The #2 problem with getting demos to select software is that most demos aren't driven by the needs of the company trying to select software.
Don't get me wrong--a demo is an important part of selecting software. But not a demo of the features that work best in that particular software.
Demos--if they are done--should address (primarily) the key needs of the business. Here's an example:
Several years ago, I spoke to a company that wanted software to control the delivery of their service. It would take the particulars of the (sometimes very complex) contract and manage the delivery of the service (which many times involved coordinating a number of different activities over a period of several months). The company was known for providing very personalized service (knowing names of family members, etc.), and the idea was to support not only the service side, but the scheduling and delivery side.
I didn't participate in the demo, but the only demo that would make sense in this case would be a simulation of the contract delivery support the system can provide. Specifically, I'd want to see
- Setting up a contract
- Setting up the parameters (contacts, family member names, etc.)
- Simulation of several of the common scenarios (from both the customer service and the operational side of the business)

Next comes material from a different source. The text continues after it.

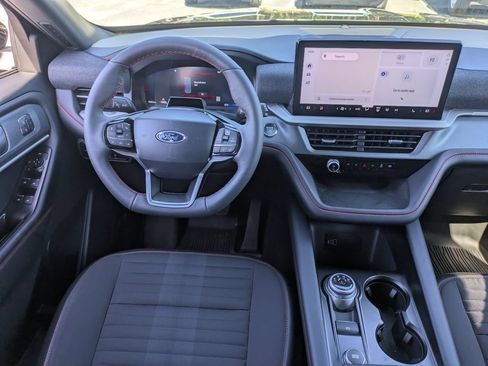 New 2026 Ford Explorer ST-Line w/ ST-Line Street Pack RWD image 18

- Opportunity to address several unusual "what-if" situations
- After all of this, I might have questions about accounting, export to Excel, Access, and Word, and the database backend. I might even want to look at the report writer and the database structure. If I planned on customizing the stuff, I'd want to see some of the representative code (I'd pick the functional area of the program and the function I wanted to see code on.) BUT (and this is a big but)...I'd want the answers to these questions ONLY AFTER I was convinced that the software could meet the needs I'd expressed in the needs analysis
Of course, this assumes that there WAS a needs analysis.